2 March 2012

TARTED UP FOR THE WEEKEND

Happy Friday! I haven't much planned for the weekend...unemployment can do that to you. I am looking forward to catching up with friends and of course, baking something magical. If you have a spare half hour, here's something to keep you busy - I made these pear tartlets for a mid-week treat and boy did they go down well!


RECIPE

Serves 6

- Ready rolled puff pastry sheet (320g)
- 3 firm pears
- 1 tbsp lemon juice
- 100ml white wine
- 75g ground almonds
- 2 tbsp honey
- 50ml double cream
- 6 cloves and 6 pumpkin seeds
- 1 egg (beaten)
- 1 tbsp apricot jam

1. Preheat oven to 220°C and line a baking tray with parchment paper.

2. Peel, half and core the pears. Bring pear halves to the boil in a pan with the lemon juice and wine. Cover and stew over a low heat for 5 minutes. Remove from the heat and drain pears. 

3. Combine almonds, honey and cream. On a lightly floured surface, cut the pastry into 6 pear shaped pieces with stems. I used this as a stencil. They should be at least 2.5cm larger all round than the pear halves. 

4. Shape the remaining pastry into leaves and press onto stems.  Place pear shaped pastry onto a baking tray and prick several times with a fork. Spread almond filling in the middle of each pastry, leaving a 1cm wide margin. 

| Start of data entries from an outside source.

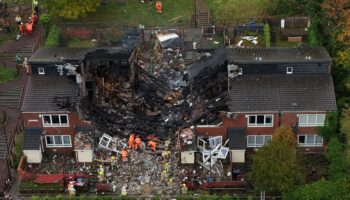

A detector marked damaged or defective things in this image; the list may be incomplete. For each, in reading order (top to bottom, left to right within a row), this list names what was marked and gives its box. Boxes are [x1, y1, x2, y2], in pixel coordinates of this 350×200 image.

damaged roof [29, 47, 129, 63]
damaged roof [228, 47, 332, 64]
damaged roof [22, 76, 78, 111]
damaged roof [228, 74, 338, 112]
damaged roof [23, 128, 42, 150]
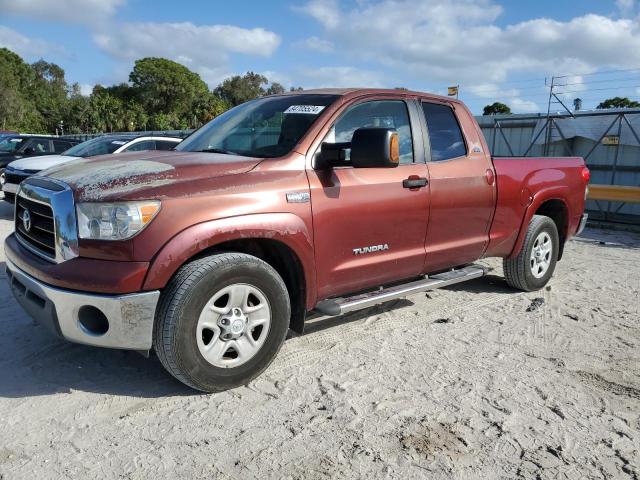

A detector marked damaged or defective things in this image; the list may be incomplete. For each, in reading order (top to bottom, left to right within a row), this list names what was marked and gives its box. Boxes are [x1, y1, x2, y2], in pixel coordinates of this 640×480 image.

peeling paint on hood [41, 151, 262, 202]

5. Make several incisions along the length of the round side of each pear half with the tines of the fork; place the fruit flat side down on the almond filling. Place the cloves in the pears for the blossoms and pumpkin seeds as the stems. Brush pastry edges with  beaten egg. Bake for 15-20 minutes on the bottom of the oven (I did this so the pastry would cook on the underneath quicker, but move it to the middle of the oven for the last 5 minutes). Brush with jam while warm. 

I dusted with icing sugar and served with vanilla ice-cream!